Felicitamos al P. Luis por las fiestas de Baños y a todos los bañejos.

lunes, 20 de septiembre de 2010

Evangelio del día

Lc 8,16-18. “Nadie enciende un candil y lo tapa con una vasija o lo mete debajo de la cama; lo pone en el candelero para que los que entran tengan luz” (v. 16). Has de ser como la lámpara del sagrario, que arde sin prisas y sin pausas, anunciando la presencia del Señor, gastar la vida por Él hasta el último suspiro.

Discurso del Santo Padre en Westminster Hall

Son contundentes las palabras del Santo Padre, una lección magistral sobre doctrina social y libertad religiosa, muchas veces reclamada a la Iglesia pero negada para ella. Este discurso lo pronunció en Westminster Hall, ante la cúpula política y social del Reino Unido. Les aconsejo leer al menos las letras en color azul, porque son verdaderamente formativas.



Señor Orador

Gracias por sus palabras de bienvenida en nombre de esta distinguida asamblea. Al dirigirme a ustedes, soy consciente del gran privilegio que se me ha concedido de poder hablar al pueblo británico y a sus representantes en Westminster Hall, un edificio de significación única en la historia civil y política del pueblo de estas islas. Permítanme expresar igualmente mi estima por el Parlamento, presente en este lugar desde hace siglos y que ha tenido una profunda influencia en el desarrollo de los gobiernos democráticos entre las naciones, especialmente en la Commonwealth y en el mundo de habla inglesa en general. Vuestra tradición jurídica –"common law"- sirve de base a los sistemas legales de muchos lugares del mundo, y vuestra visión particular de los respectivos derechos y deberes del Estado y de las personas, así como de la separación de poderes, siguen inspirando a muchos en todo el mundo.
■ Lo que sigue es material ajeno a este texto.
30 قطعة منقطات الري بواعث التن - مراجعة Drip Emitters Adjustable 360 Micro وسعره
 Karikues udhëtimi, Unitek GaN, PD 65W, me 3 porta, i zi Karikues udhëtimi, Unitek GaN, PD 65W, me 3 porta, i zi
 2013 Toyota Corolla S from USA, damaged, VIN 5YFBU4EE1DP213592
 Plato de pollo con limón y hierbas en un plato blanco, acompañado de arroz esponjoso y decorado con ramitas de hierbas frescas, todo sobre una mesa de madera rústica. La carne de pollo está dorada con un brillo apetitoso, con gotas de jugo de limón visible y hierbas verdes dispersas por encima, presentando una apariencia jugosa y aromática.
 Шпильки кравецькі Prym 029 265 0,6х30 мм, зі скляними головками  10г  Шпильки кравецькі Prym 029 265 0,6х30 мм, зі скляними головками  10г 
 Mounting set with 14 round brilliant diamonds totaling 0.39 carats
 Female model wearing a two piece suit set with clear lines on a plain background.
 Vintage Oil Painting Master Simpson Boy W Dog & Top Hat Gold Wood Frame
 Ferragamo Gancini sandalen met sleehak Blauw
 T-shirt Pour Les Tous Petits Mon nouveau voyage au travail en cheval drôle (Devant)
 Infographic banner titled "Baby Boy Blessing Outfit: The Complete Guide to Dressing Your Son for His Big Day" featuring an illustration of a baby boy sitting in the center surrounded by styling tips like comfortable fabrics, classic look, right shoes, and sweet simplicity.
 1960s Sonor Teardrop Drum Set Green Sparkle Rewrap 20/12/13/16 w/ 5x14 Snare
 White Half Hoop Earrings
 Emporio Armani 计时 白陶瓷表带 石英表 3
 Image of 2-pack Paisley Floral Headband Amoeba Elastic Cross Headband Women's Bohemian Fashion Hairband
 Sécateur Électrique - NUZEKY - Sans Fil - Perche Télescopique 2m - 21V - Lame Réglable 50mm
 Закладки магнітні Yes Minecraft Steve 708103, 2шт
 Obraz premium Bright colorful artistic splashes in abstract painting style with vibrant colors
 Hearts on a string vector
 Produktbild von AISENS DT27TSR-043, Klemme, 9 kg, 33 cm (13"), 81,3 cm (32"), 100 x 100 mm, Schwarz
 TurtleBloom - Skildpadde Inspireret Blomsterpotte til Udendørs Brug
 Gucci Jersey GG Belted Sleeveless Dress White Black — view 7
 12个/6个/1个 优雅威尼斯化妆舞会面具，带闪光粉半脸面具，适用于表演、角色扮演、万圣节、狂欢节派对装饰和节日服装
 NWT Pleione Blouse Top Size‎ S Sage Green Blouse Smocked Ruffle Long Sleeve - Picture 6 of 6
Al hablarles en este histórico lugar, pienso en los innumerables hombres y mujeres que durante siglos han participado en los memorables acontecimientos vividos entre estos muros y que han determinado las vidas de muchas generaciones de británicos y de otras muchas personas. En particular, quisiera recordar la figura de Santo Tomás Moro, el gran erudito inglés y hombre de Estado, quien es admirado por creyentes y no creyentes por la integridad con la que fue fiel a su conciencia, incluso a costa de contrariar al soberano de quien era un "buen servidor", pues eligió servir primero a Dios. El dilema que afrontó Moro en aquellos tiempos difíciles, la perenne cuestión de la relación entre lo que se debe al César y lo que se debe a Dios, me ofrece la oportunidad de reflexionar brevemente con ustedes sobre el lugar apropiado de las creencias religiosas en el proceso político.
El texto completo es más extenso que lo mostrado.